Print out the entries below with no edits.
>>
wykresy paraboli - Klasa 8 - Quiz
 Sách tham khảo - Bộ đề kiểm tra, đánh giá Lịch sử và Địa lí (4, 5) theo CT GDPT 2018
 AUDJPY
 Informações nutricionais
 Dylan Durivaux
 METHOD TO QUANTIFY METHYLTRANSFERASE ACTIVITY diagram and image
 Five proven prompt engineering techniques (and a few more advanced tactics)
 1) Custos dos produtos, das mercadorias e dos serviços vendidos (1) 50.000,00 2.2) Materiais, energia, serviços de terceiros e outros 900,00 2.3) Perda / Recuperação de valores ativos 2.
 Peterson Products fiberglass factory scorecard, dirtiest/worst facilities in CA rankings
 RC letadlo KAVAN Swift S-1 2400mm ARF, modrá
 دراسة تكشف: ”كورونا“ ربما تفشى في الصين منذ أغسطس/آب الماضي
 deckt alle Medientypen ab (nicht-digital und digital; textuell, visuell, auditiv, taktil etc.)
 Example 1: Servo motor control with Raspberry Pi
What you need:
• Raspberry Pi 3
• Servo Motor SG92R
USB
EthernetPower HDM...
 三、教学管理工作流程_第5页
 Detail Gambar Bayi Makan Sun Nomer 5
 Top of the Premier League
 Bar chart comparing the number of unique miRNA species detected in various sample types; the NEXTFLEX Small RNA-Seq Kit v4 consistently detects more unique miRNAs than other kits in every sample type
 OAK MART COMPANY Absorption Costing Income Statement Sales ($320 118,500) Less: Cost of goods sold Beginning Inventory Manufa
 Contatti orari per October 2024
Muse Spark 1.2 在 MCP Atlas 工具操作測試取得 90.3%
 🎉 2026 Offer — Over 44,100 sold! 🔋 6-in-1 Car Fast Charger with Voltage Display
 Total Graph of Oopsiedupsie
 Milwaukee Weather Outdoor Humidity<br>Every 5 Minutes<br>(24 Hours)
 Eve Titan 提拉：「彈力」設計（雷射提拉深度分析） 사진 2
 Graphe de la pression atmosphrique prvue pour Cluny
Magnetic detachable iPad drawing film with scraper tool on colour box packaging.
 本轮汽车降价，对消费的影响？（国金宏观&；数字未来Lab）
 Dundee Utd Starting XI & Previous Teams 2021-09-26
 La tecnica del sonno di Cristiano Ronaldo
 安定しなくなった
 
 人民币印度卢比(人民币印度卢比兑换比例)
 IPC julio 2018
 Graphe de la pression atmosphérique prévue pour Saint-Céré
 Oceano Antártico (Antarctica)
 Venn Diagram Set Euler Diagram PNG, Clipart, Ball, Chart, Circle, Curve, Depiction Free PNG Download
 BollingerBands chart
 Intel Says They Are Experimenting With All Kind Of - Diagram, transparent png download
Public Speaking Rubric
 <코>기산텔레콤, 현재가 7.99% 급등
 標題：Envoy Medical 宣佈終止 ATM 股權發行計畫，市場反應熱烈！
<<
▸ WRITTEN RESPONSE:
wykresy paraboli - Klasa 8 - Quiz
 Sách tham khảo - Bộ đề kiểm tra, đánh giá Lịch sử và Địa lí (4, 5) theo CT GDPT 2018
 AUDJPY
 Informações nutricionais
 Dylan Durivaux
 METHOD TO QUANTIFY METHYLTRANSFERASE ACTIVITY diagram and image
 Five proven prompt engineering techniques (and a few more advanced tactics)
 1) Custos dos produtos, das mercadorias e dos serviços vendidos (1) 50.000,00 2.2) Materiais, energia, serviços de terceiros e outros 900,00 2.3) Perda / Recuperação de valores ativos 2.
 Peterson Products fiberglass factory scorecard, dirtiest/worst facilities in CA rankings
 RC letadlo KAVAN Swift S-1 2400mm ARF, modrá
 دراسة تكشف: ”كورونا“ ربما تفشى في الصين منذ أغسطس/آب الماضي
 deckt alle Medientypen ab (nicht-digital und digital; textuell, visuell, auditiv, taktil etc.)
 Example 1: Servo motor control with Raspberry Pi
What you need:
• Raspberry Pi 3
• Servo Motor SG92R
USB
EthernetPower HDM...
 三、教学管理工作流程_第5页
 Detail Gambar Bayi Makan Sun Nomer 5
 Top of the Premier League
 Bar chart comparing the number of unique miRNA species detected in various sample types; the NEXTFLEX Small RNA-Seq Kit v4 consistently detects more unique miRNAs than other kits in every sample type
 OAK MART COMPANY Absorption Costing Income Statement Sales ($320 118,500) Less: Cost of goods sold Beginning Inventory Manufa
 Contatti orari per October 2024
Muse Spark 1.2 在 MCP Atlas 工具操作測試取得 90.3%
 🎉 2026 Offer — Over 44,100 sold! 🔋 6-in-1 Car Fast Charger with Voltage Display
 Total Graph of Oopsiedupsie
 Milwaukee Weather Outdoor Humidity<br>Every 5 Minutes<br>(24 Hours)
 Eve Titan 提拉：「彈力」設計（雷射提拉深度分析） 사진 2
 Graphe de la pression atmosphrique prvue pour Cluny
Magnetic detachable iPad drawing film with scraper tool on colour box packaging.
 本轮汽车降价，对消费的影响？（国金宏观&；数字未来Lab）
 Dundee Utd Starting XI & Previous Teams 2021-09-26
 La tecnica del sonno di Cristiano Ronaldo
 安定しなくなった
 
 人民币印度卢比(人民币印度卢比兑换比例)
 IPC julio 2018
 Graphe de la pression atmosphérique prévue pour Saint-Céré
 Oceano Antártico (Antarctica)
 Venn Diagram Set Euler Diagram PNG, Clipart, Ball, Chart, Circle, Curve, Depiction Free PNG Download
 BollingerBands chart
 Intel Says They Are Experimenting With All Kind Of - Diagram, transparent png download
Public Speaking Rubric
 <코>기산텔레콤, 현재가 7.99% 급등
 標題：Envoy Medical 宣佈終止 ATM 股權發行計畫，市場反應熱烈！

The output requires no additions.